━━━ Input for this task ━━━
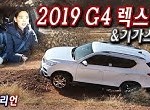 g4렉스턴2부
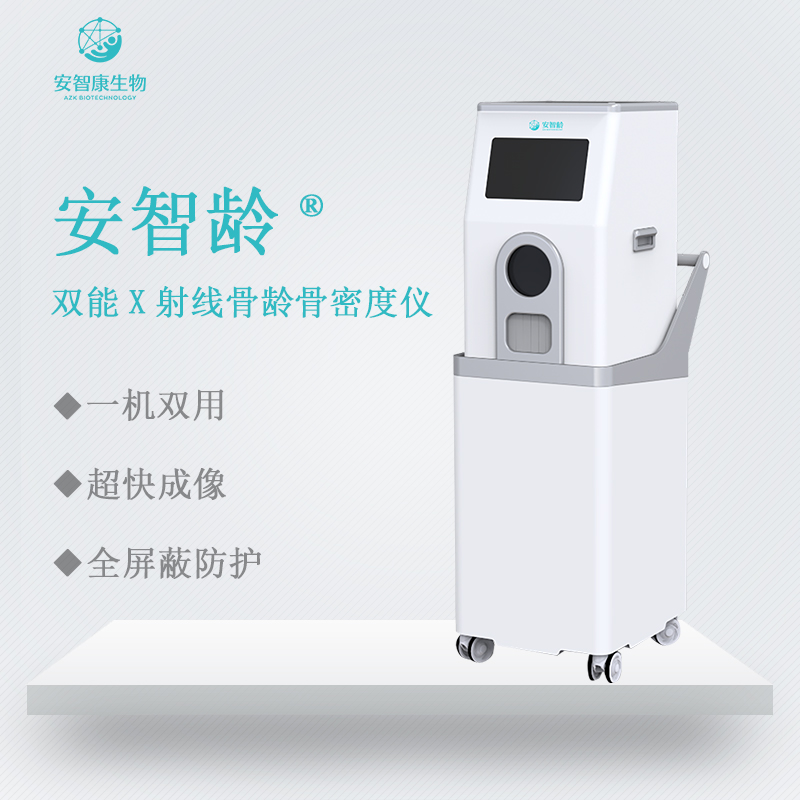 安智龄 IDR-301HR 数字式骨密度骨龄测定仪 全屏蔽机身 体检机构
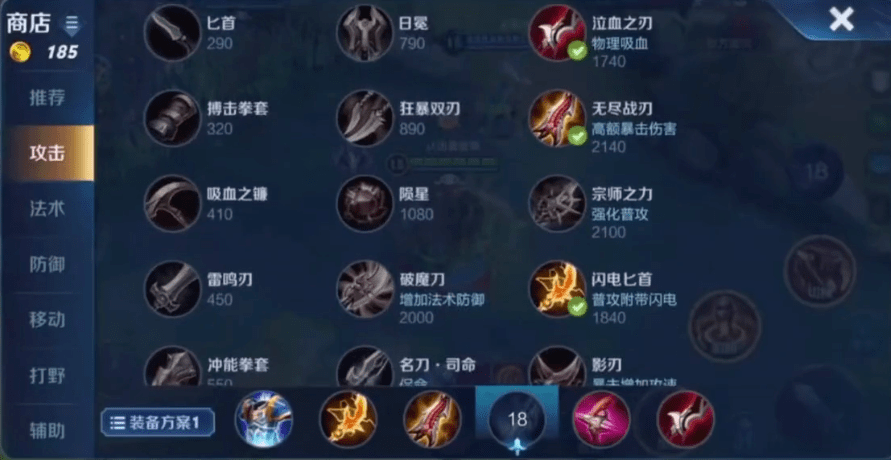 王者荣耀:这四位射手不出吸血刀,别说自己是老玩家,段位最高钻石!
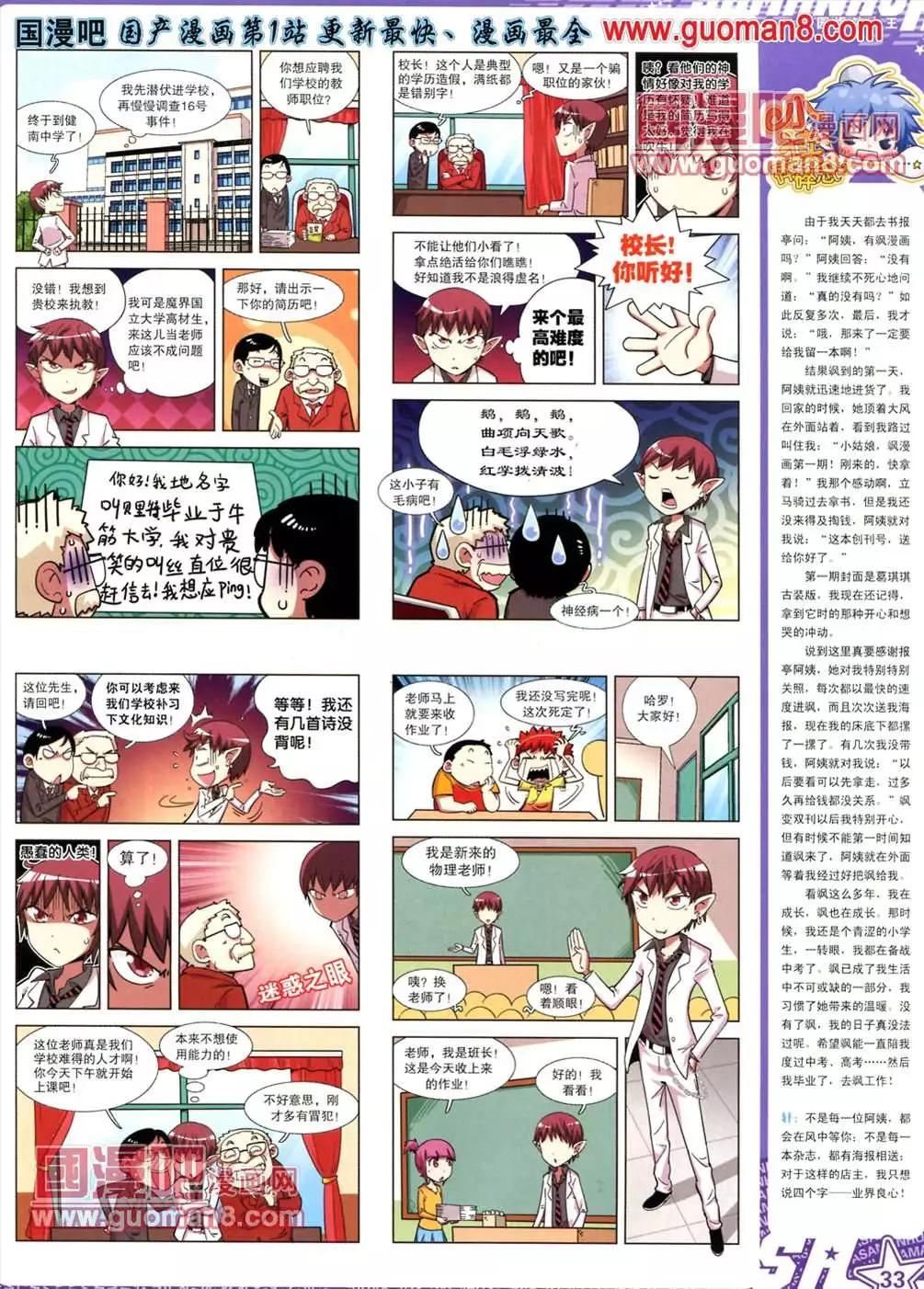 112期(1/2)-第17话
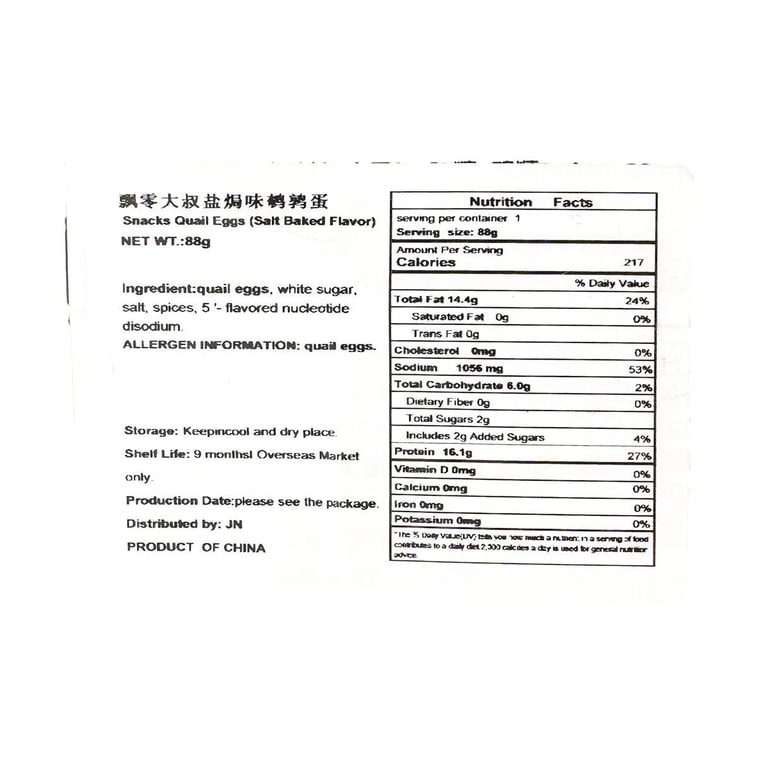 메추리알 스낵 (소금에 구운 맛, 70g) 3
━━━
◆ Task requirements: Everything in the entries above, apart from the images, should be printed exactly.

◆ Expected answer:
 g4렉스턴2부
 安智龄 IDR-301HR 数字式骨密度骨龄测定仪 全屏蔽机身 体检机构
 王者荣耀:这四位射手不出吸血刀,别说自己是老玩家,段位最高钻石!
 112期(1/2)-第17话
 메추리알 스낵 (소금에 구운 맛, 70g) 3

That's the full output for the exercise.